Holly strained to hear more of his conversation, but he pointedly disappeared back into the bathroom. To her dismay, there were too many team members in the swanky locker room now for her to follow. Still, the reporter buzz—that’s what her mother used to call it—was zinging around her gut. She was on to something. Obviously Luke’s regular deep baritone had sounded nothing like the whispered panic she’d heard earlier, but that ringtone was an indisputable clue, and one that she had to follow up on.
* * *
LUKE WALKED OVER to stand by the sinks, hating that his gaze went immediately to the stall he and Holly had hidden out in only moments ago.
But he couldn’t afford to be distracted by sex right now. Harding Lowe was the kind of law firm that charged in the triple digits for phone calls like these, and with money as tight as it was, Luke had to pay close attention and cut to the chase. “What’s so important?”
“I was going to wait until tomorrow to tell you this, but I’m worried it might hit the papers and I didn’t want you to find out like that,” Craig Harding informed him.
Luke’s blood turned to ice. It was never good when someone started a phone call that way, but when it was your lawyer? Infinitely worse.
“What?” The word was flat, more demand than question.
“Brad Timmons is filing for bankruptcy.”
Luke’s face went numb. The asshole who’d put Ethan in a wheelchair, put his parents in debt, strained his family to the emotional breaking point time after time over the last three years, was going to screw them over again.
“Fuck.”
The word echoed hollowly in the vast expanse of shiny white tile and empty navy stalls.
Luke wanted to punch something, but it wasn’t worth the fine the Storm would levy against him if he did.
Jesus Christ, how had things come to this? He made almost two million dollars a year with his new contract and still it was all he could do to keep himself and the people he loved financially afloat.
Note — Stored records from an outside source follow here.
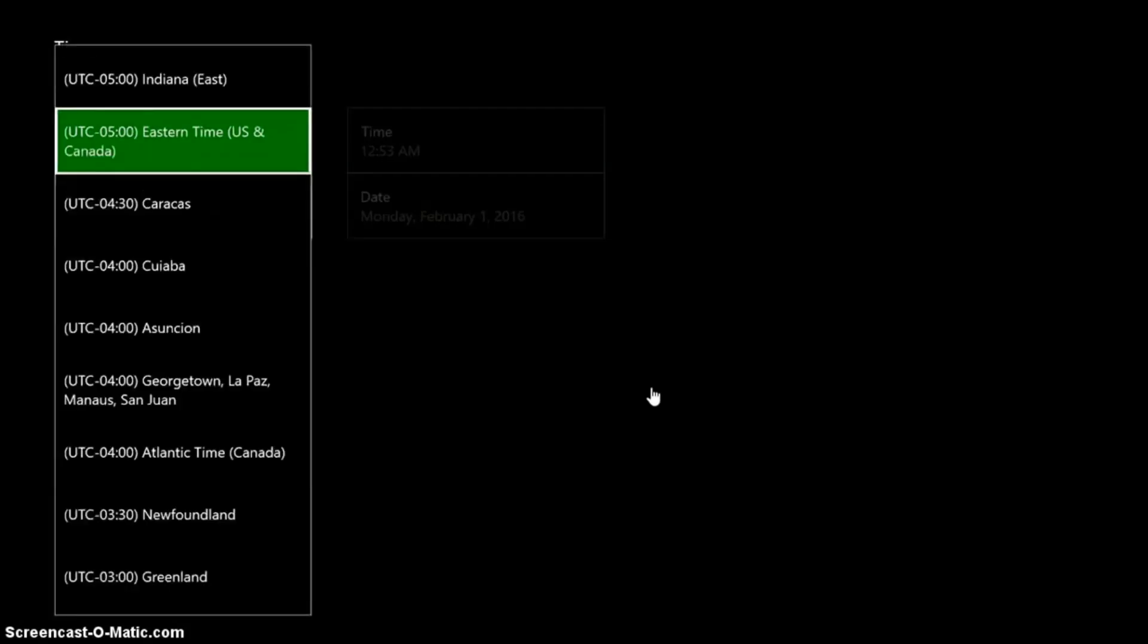So if you have your time zone messed up, you can simply just go here and click on the time zone that you want.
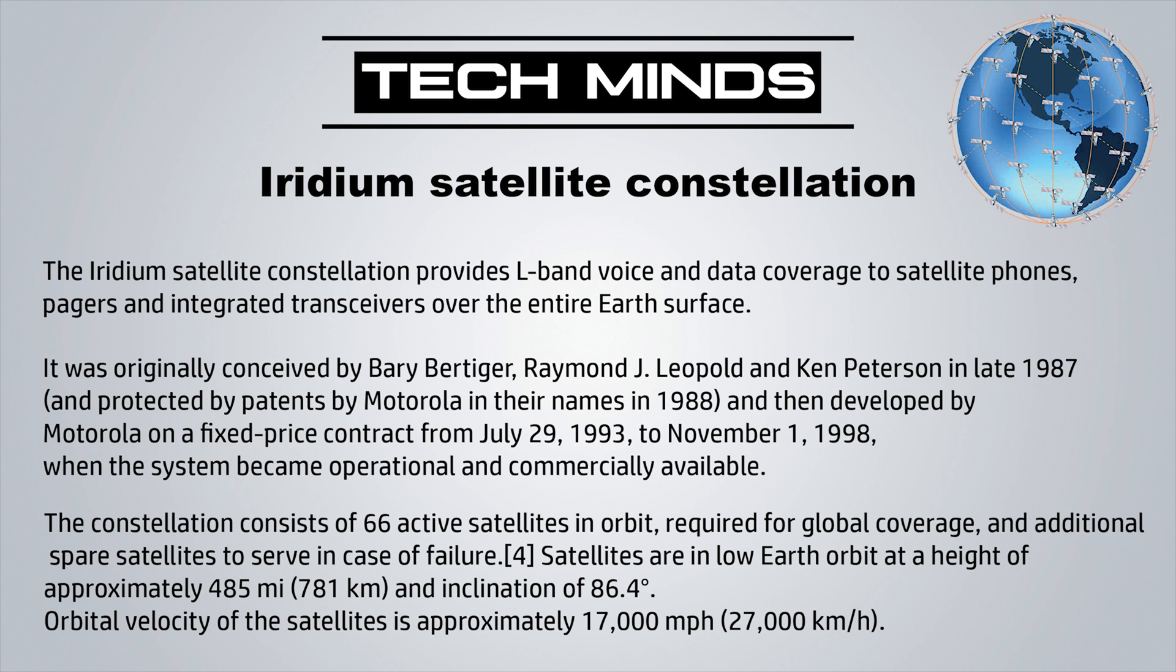Hi and welcome back to another TechMinds video. Today we're going to be taking a look at the Iridium Satellite Constellation. The Iridium Satellite Constellation provides L-band voice and data coverage to satellite phones, pagers, and other integrated transceivers over the entire Earth's surface.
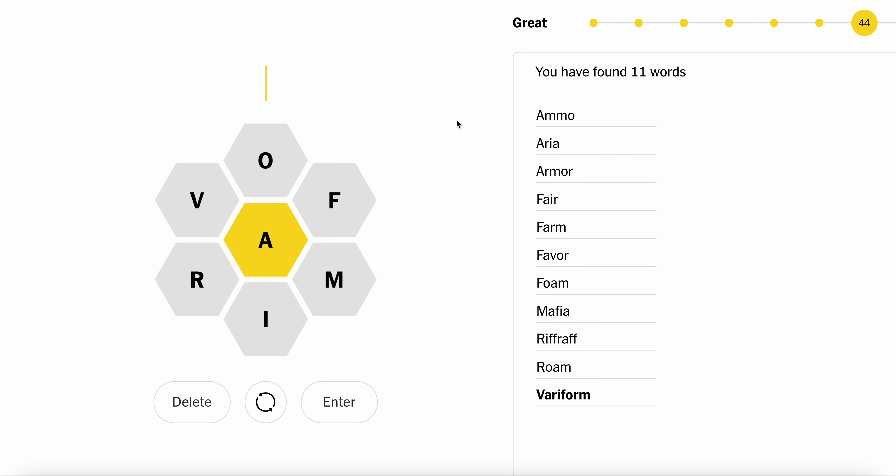I'm gonna call it there. Variform. I have no idea what a variform is. This was quite something though. Fair. I wish vavum was a word.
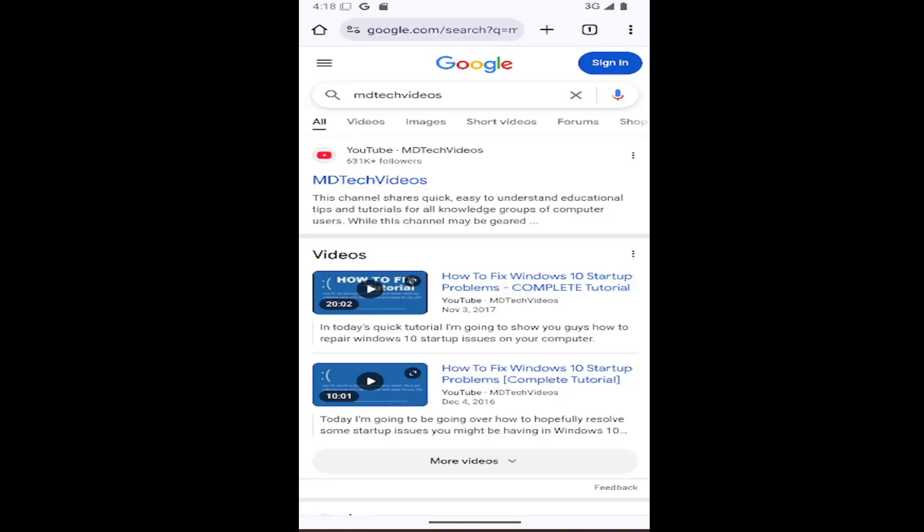In today's tutorial, I'm going to show you guys how to add the Google Assistant Voice Search button to the toolbar shortcut menu on the Chrome mobile app. This should hopefully be a pretty straightforward process.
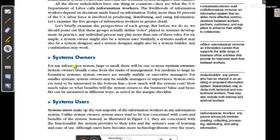We have already covered the basic idea of system owners. For any information system, large or small, there will be one or more system owners. Their main task is to manage the system. For medium or large information systems, system owners are usually middle-level or executive managers who assess cost and manage, initiate, and run the system.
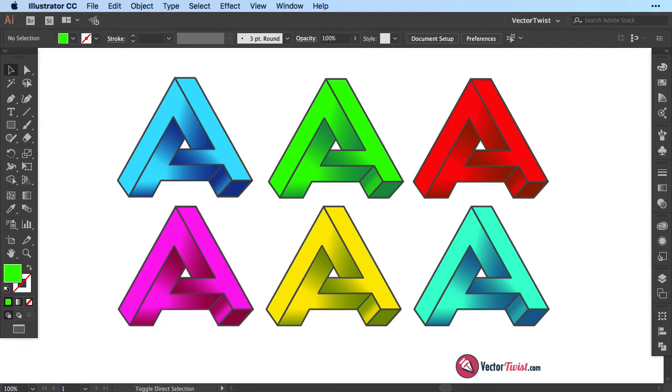Hi everyone, Simona here from VectorTwist. In this tutorial I would like to show you how you can recreate the letter A as an impossible A.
Loans, renovations, lawyers, specialists, physio—it had all added up after the accident. His paycheck was all but spent before it got deposited. He was grateful he had the means to keep his family living a comfortably middle-class life despite their exorbitant bills, but the idea that the coward who’d put his little brother in a wheelchair wasn’t going to have to contribute a dime to Ethan’s recovery made Luke nauseous.
Timmons had already lucked out with his criminal charges. He’d been convicted of assault with a weapon for the crosscheck, but ended up with an eighteen-month conditional discharge, which meant he hadn’t served any jail time and he wouldn’t have a criminal record once his probation was complete. Now he’d found a way to punk out on financial restitution, too.
“Thanks for the heads-up, Craig. I’ll take care of telling my family.”
“Understood. I’ll be in touch.”
Luke hung up the phone. He would deal with the personal stuff later. Right now, he had to focus on his team. They were only two hours away from puck drop.
He reached into the inside breast pocket of his suit, exchanging his phone for a folded-up piece of yellow legal paper. He’d found it on the floor of the bathroom and recognized instantly what it was. That 5–0 loss had been brutal. The fact that it was predetermined made it cut even deeper. Luke shook his head against the proof clutched in his hand.